Glutamate dehydrogenase activities in microdissected rat nephron segments: effects of acid-base loading

Abstract

A method for measurement of glutamate dehydrogenase (GDH) activity in single renal tubules was employed to determine the distribution and regulation of GDH in tubule segments. Fresh microdissected tubules from collagenase-treated kidneys were permeabilized by hyposmotic shock and freezing. The rate of conversion of alpha-ketoglutarate, NH4+, and NADH to glutamate and NAD was measured at 37 degrees C fluorometrically. Very high activities were found in proximal tubule segments (150-210 pmol.min-1.mm tubule length-1), intermediate values (40-90 pmol.min-1.mm-1) in distal convoluted tubules, cortical thick ascending limbs, connecting tubules, medullary thick ascending limbs, and lower values (5-30 pmol.min-1.mm-1) in cortical collecting ducts, inner medullary collecting ducts, outer medullary collecting ducts, outer medullary thin limbs, and inner medullary thin limbs. To determine the effects of acid-base loading on GDH activity, 0.28 M NH4Cl (acid) or 0.28 M NaHCO3 (alkali) was added to the animals' drinking water for 7 days.

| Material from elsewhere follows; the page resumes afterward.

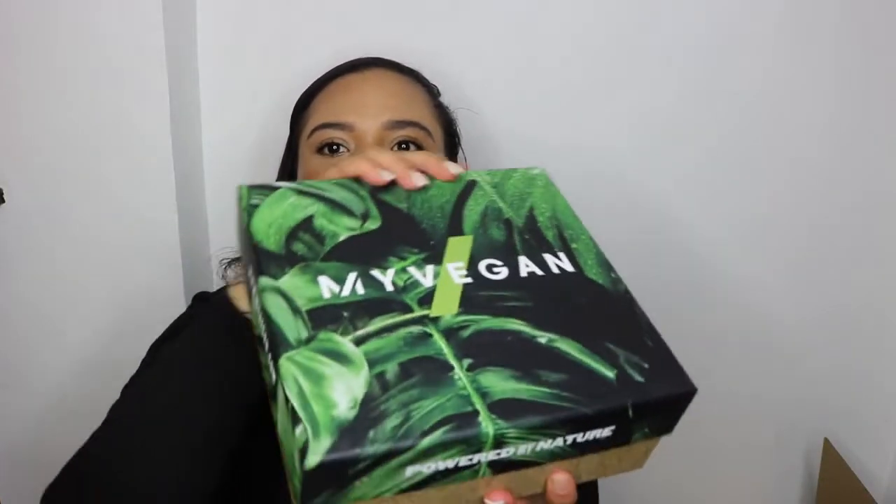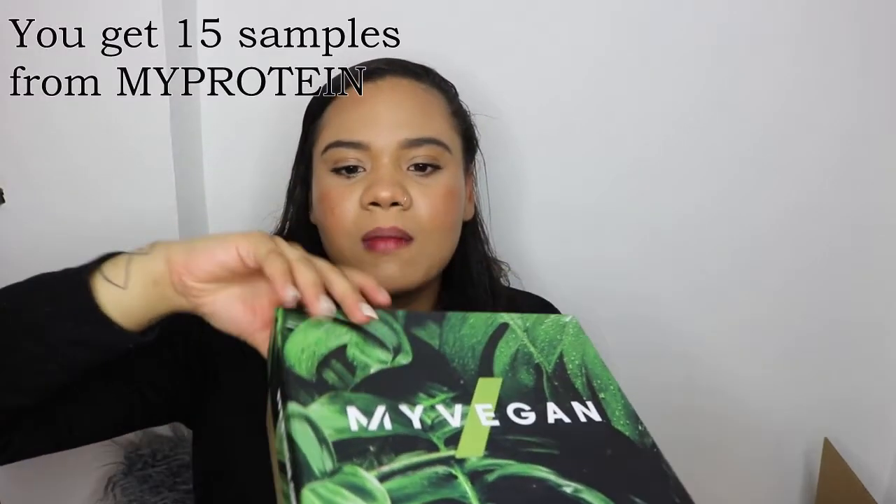It also comes with Vegan Carb Crushers in two different flavors, the My Vegan Baked Cookie, My Vegan Peanut Bar, and a few other proteins — their soy protein and vegan protein blend. There's quite a few bits and pieces. I love this box, it's so cute. Let me open it up!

Acid intake by the rats increased GDH activity in S1 and S2 proximal tubules by threefold, with no effect in other segments, including S3 proximal tubules. Alkali intake decreased GDH activity in the S3 proximal tubule by 40%, with no effect in other segments. We conclude that GDH activities are highest in proximal tubule segments and are regulated only in proximal tubule segments. Thus the results are consistent with the view that the proximal tubule is the chief site of the regulated production of ammonium in the kidney.